The Dress Didn't Fit - WriterCaroline.com

The dress wouldn’t zip. It didn’t matter what I did. It was the bridesmaid dress for my sister's wedding, and I had to be in it, standing by my sister's side in front of 200 guests within 72 hours.

Sweaty and stuck, I willed the panic away and called my mom for a game plan. We decided I’d head to her house, where she and my grandmother could help me get into the dress. Maybe I just needed another set of hands to get the zipper going. If we couldn’t make it work, Mom said, we’d create a gusset ourselves with extra fabric or find a seamstress. 

I touched base with a few friends on the way to Mom’s house, joking that I was willing to go Middle Ages on this problem and remove a rib if necessary. I told Adelaide, “Pray for Mommy’s dress,” and she did. “Dear God, help Mommy’s dress. Amen.”

Unfortunately, even with Mom and Grammy (two legitimate tennis powerhouses) wielding all their strength, the dress wouldn’t zip. I googled “rib removal” and “Kardashian shape wear,” joked about juice cleanses and duct tape, and we drove to the one alterations lady that could squeeze us in. On the way, Mom and I were laughing and talking lightheartedly, but on the inside, I was giving my soul a pep talk:

“At this appointment, Caroline, you will likely feel like an inconvenience. You will have a lump in your throat because the dress won’t fit, and you’ll worry it’s your body’s fault. You’ll remember how much Mom has to do this week, how much unexpected work you are putting on the seamstress, how much money you’ll have to pay, and you’ll feel like a fool. You will worry you’re adding unnecessary stress to your sister, that you’ll look like an idiot on her wedding day. Shame will come in swinging and tell you that you’re unworthy and silly and inconvenient. But Caroline—you are not those things. You are worthwhile. You are a good sister. Your mom loves you and is in your corner. You look pretty in this color. This dress doesn’t have the power to change any of that. The only one who gets to tell you who you are is God himself, and he declared that because of Jesus, you don’t have to live under shame. Who are YOU to choose to live under what God has already conquered? Don’t undermine his gift like that. Don’t let this dress turn into chains. It’s just a dress. It’s just a dress.”

Dear God, be louder than the dress!

I knew the dress didn’t matter in the big picture, but, man, it mattered to me in the small one. In the midst of an overwhelming few weeks, I worried the dress could send my shaky insides crashing down.

But then? The sweetest sound of a zipper.

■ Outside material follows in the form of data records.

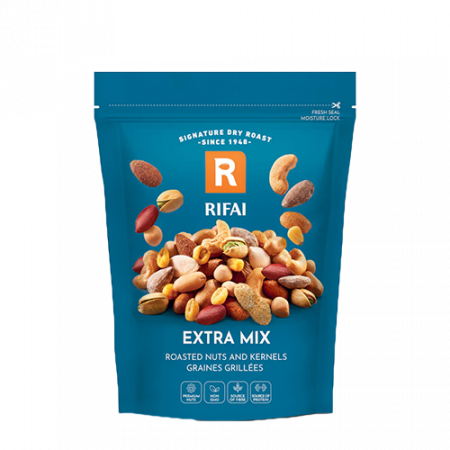 Alrifai Extra mix ընդեղեն  300գ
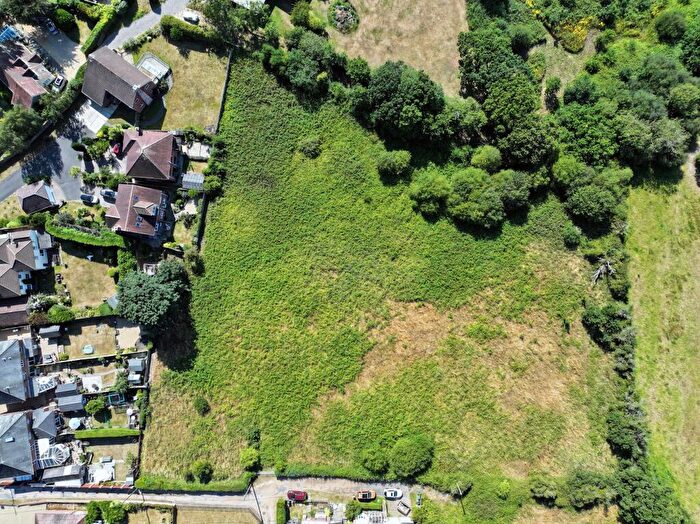 Property For Sale In Land Lying To The North Of Staplers Road, Newport, PO30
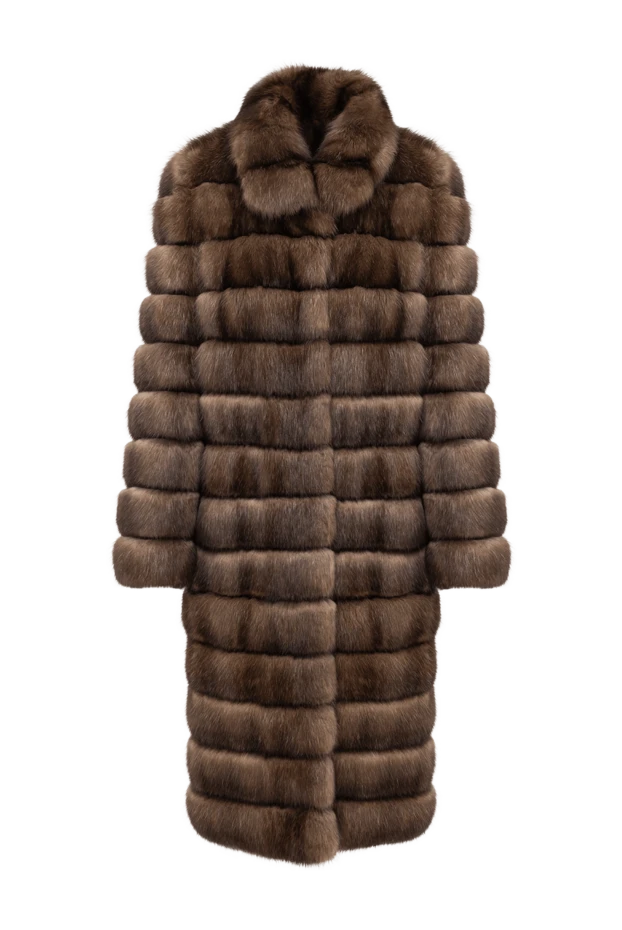 FG Furs sheepskin coat, fur coat 195371 - photo 1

The tiny alterations lady somehow zipped me up in one swoop, shrugged, and declared, “It fits."

What happened next can only be described as “a complete abandonment of appropriate boundaries.” I shrieked, “You’re so strong! How did you do that? I love you so much! It looks pretty! Will you marry me?” I picked her up and twirled her around like an ice dancer. (No I didn’t.) (I almost did.)

Was it witchcraft? What happened? My new best friend explained that the lining was too small, but the dress itself fit, and it was a simple fix. “You look great,” she said, and she charged us zero dollars. I kissed her right on the face. (No I didn’t.) (I almost did.)

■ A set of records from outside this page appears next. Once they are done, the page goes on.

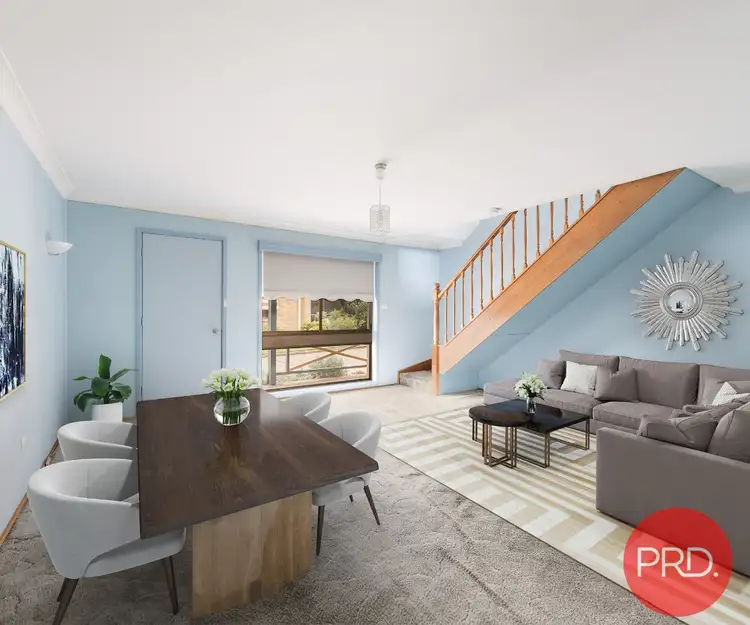 Second view of Homely house listing, 9 / 18 Vega Street, Revesby NSW 2212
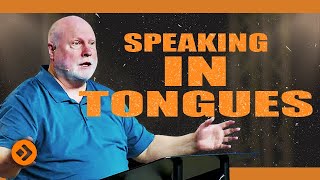 The 3 Expressions of Speaking in Tongues [upl. by Melessa]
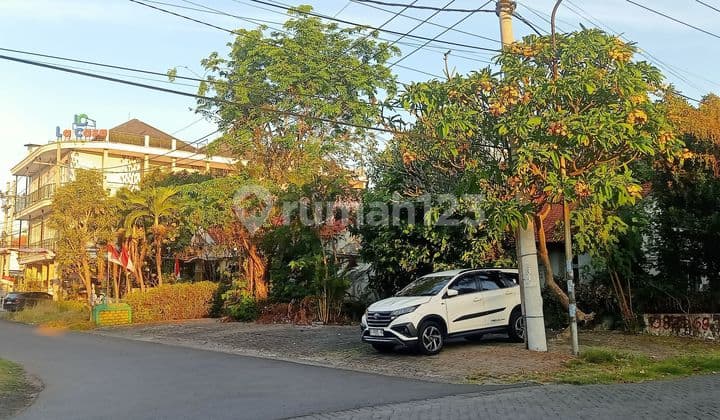 Murah Lokasi Strategis Dijual Kavling Hook Di Rungkut Mejoyo Selatan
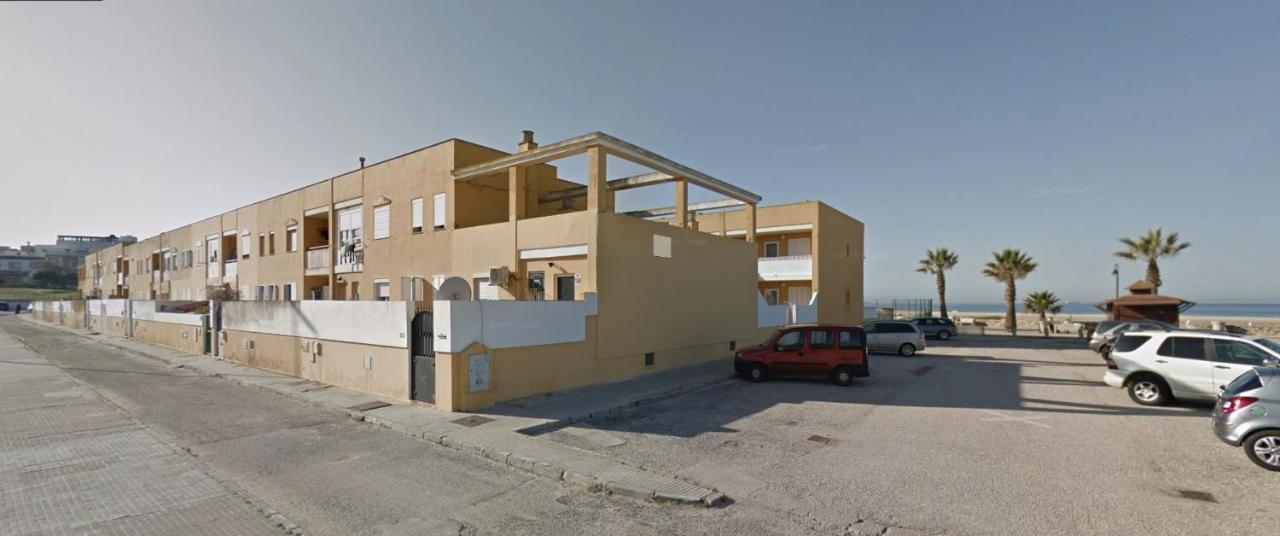 Tarifa Cozy House - Eolo Beach - Parking Wifi Luaran gambar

Here's what I know: When I first walked into that dressing room, I was already safe from shame because of the gospel. I had already carefully placed the helmet of salvation on my head to protect my mind from anti-gospel messages. But even though God had already conquered my shame and equipped me to battle against it, in this situation, he extended extra kindness into an inconsequential dressing room. If EVERY good and perfect gift is from above, I think it’s safe to include last minute dress fixes. My immediate thought when I heard the glorious zipping sound was that I felt so tenderly loved by my Father. He spared me from a painful internal battle during an especially shaky week, and I felt seen, loved, and ever more aware that he takes interest in the little details of our lives.

But sometimes the dress doesn’t fit. Sometimes there is no magical seamstress and no lovely zipping sound. Sometimes there is no supportive mama and no encouraging word. But those things do not undo the gospel and do not diminish the strength of the helmet of salvation. When a dressing room feels like a jail cell and Shame has the keys, take a deep breath, Sister. God is even here, in this silly place, and he cares about what’s happening in your heart when your body feels like a mistake. Will you let him speak louder than the clothes? Because the truth is that because of Jesus, there is no jail cell, and Shame holds no keys because you are FREE from its grasp. Through Jesus’s finished work on the cross, God has spared his children from the death and judgment we truly deserve. How good it would be for our hearts if we paid better attention to his greatest gift and to all the little good gifts along the way.

When the dress doesn't fit, may you remember that you're safe, seen, and cherished, forever wrapped up in the beautiful, costly fabric of the gospel.